▸ **Task instructions**
Reproduce the listing word for word. Skip any image.

▸ **Provided data**
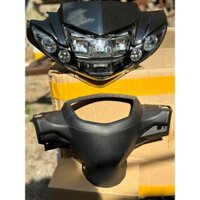 ĐẦU  đèn sihello 2 TẦNG KIM CƯƠNG  KIỂU ZINPAT(kèm chân h4-cặp bóng demi) gắn cho si 50-110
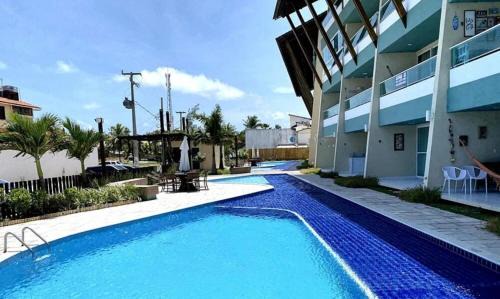 Porto de Galinhas House | Villas do Atlântico - Flats a 100m da Praia Porto de Galinhas por Yolo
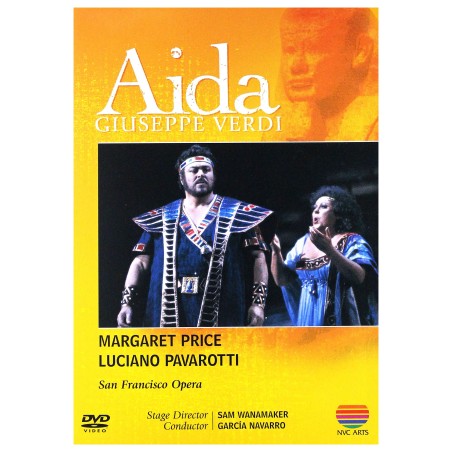 Aida (Opera Completa)(Dvd)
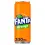 Fanta orange blik 33cl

▸ **Result below**
 ĐẦU  đèn sihello 2 TẦNG KIM CƯƠNG  KIỂU ZINPAT(kèm chân h4-cặp bóng demi) gắn cho si 50-110
 Porto de Galinhas House | Villas do Atlântico - Flats a 100m da Praia Porto de Galinhas por Yolo
 Aida (Opera Completa)(Dvd)
 Fanta orange blik 33cl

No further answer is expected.